*TRY IT*: For every line in the material, output its text exactly and exclude any image it holds.

*DATA BELOW*:
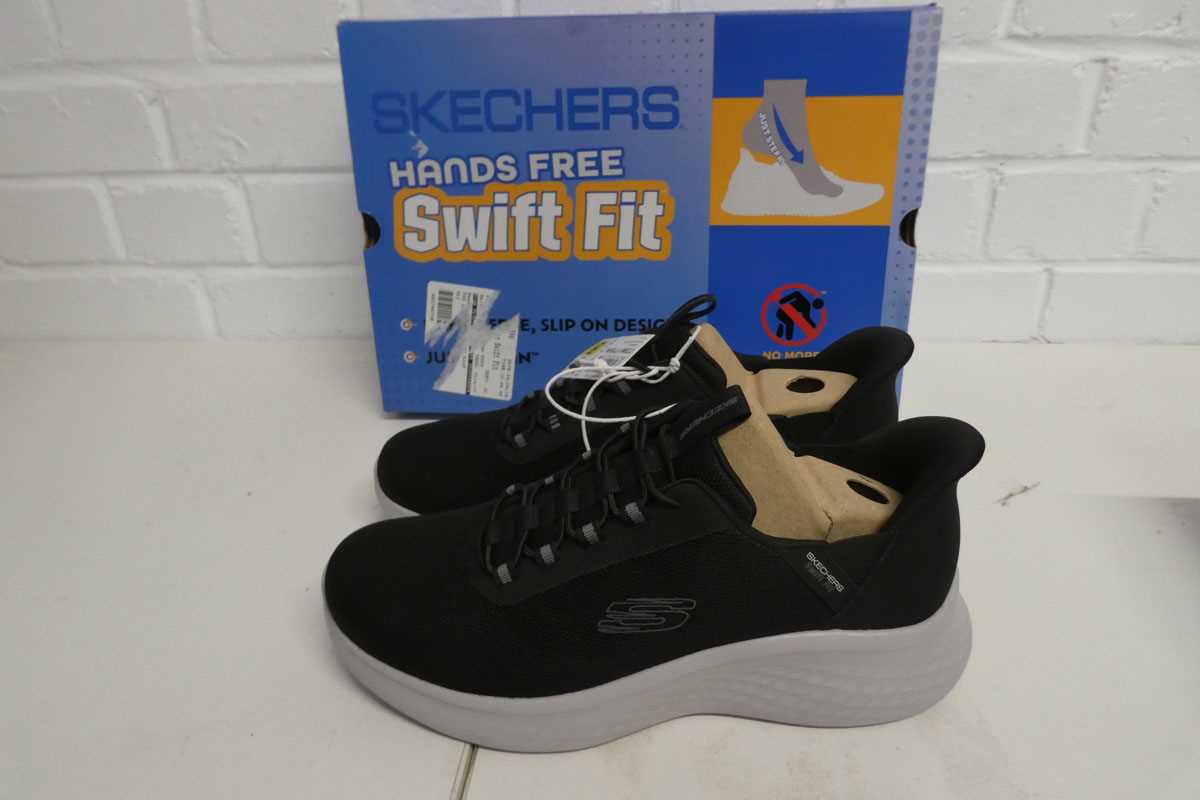 Lot 1315 - Boxed pair of men's Skechers hands free swift...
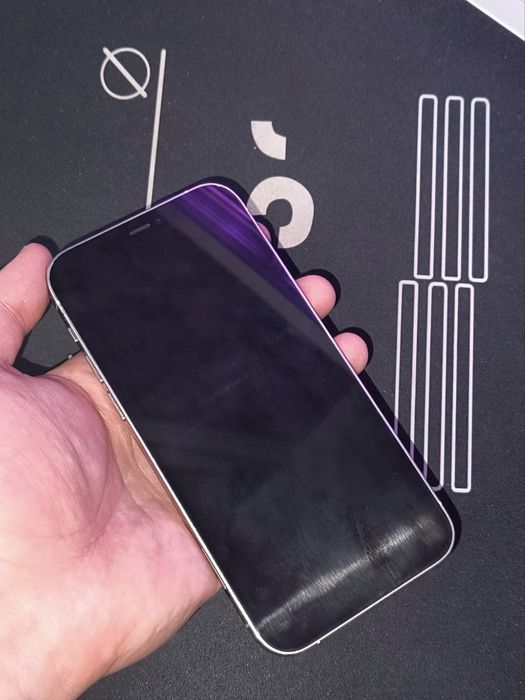 Продам iphone 12 pro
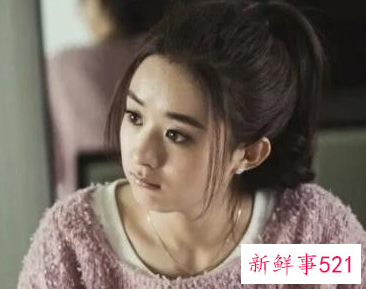 脸大碎发多怎么扎头发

*WRITTEN RESPONSE*:
 Lot 1315 - Boxed pair of men's Skechers hands free swift...
 Продам iphone 12 pro
 脸大碎发多怎么扎头发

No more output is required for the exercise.